Ad hoc feedback often skips one of the three things that make critique useful: specificity, impact, and a next step. This template gives you a repeatable situation, a defensive but realistic persona, and scored criteria so you can see exactly where your delivery breaks down. It also lets you retry the same conversation until your critique is clear and steady. That makes it easier to transfer the skill back into real reviews.

Can I customize the scenario for my team’s design or code review process?

Yes. You can swap in a different artifact, such as an API change, a landing page, a dashboard, or a component library update, while keeping the same critique structure. You can also adjust the persona’s temperament, the learner objective, and the rubric criteria to match your team’s expectations for review comments. If your team uses a specific framework like accessibility checks or design-system standards, you can add those as rubric items. The template is meant to be adapted, not used as a one-size-fits-all script.

What should I avoid when using this template?

Avoid vague comments like "this feels off" or "I don’t like it" because they do not give the presenter anything to act on. Do not frame the feedback as a judgment of the person’s skill or intent. Another common mistake is jumping straight to a solution without explaining why the current version creates a problem. The strongest attempts stay grounded in observable behavior, user impact, and a concrete next step.

How does the defensive persona help with practice?

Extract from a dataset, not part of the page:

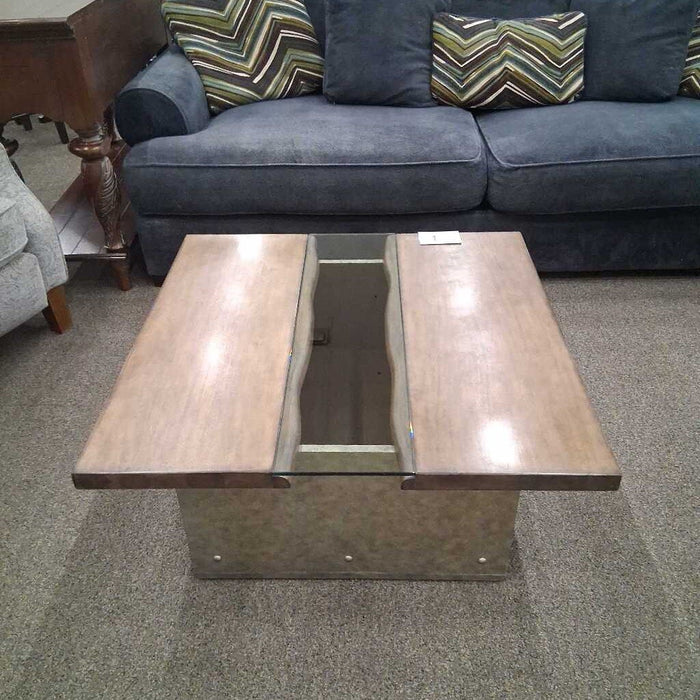 Wood & Glass Top River Style Coffee Table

Avery is thoughtful and proud of the work, so the conversation does not stay easy if your critique is vague or overly harsh. That makes the roleplay more realistic because real review meetings often include some pushback. If you acknowledge the work first, explain the issue clearly, and stay steady when challenged, the persona softens and the conversation becomes productive. If you dismiss the work or speak too broadly, Avery should push back, which helps you practice recovery.

Can this be used for both code reviews and design reviews?

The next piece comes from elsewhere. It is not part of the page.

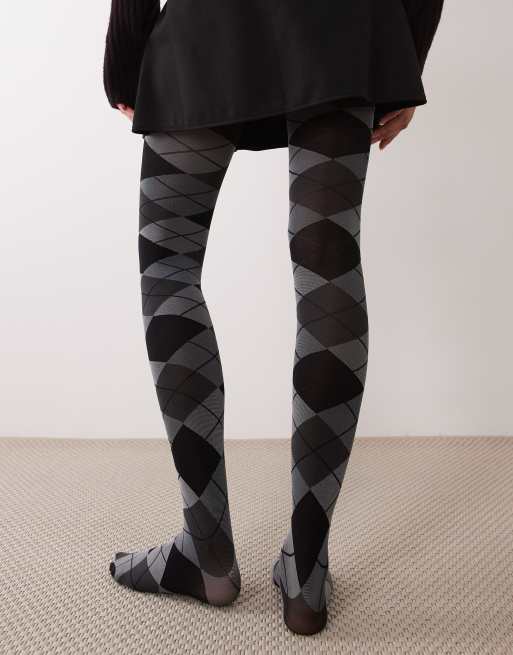 ASOS DESIGN strumpbyxor med argylemönster i grått och svart, 3 av 3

Yes, but the current scenario is written around a design review of a checkout flow. The same structure also works for code review if you replace the artifact and adjust the critique points to match code quality, maintainability, or test coverage. For code review, you would usually make the learner objective more specific to implementation concerns and change the rubric to reflect technical clarity. The core skill remains the same: critique the work with enough detail that the other person can improve it.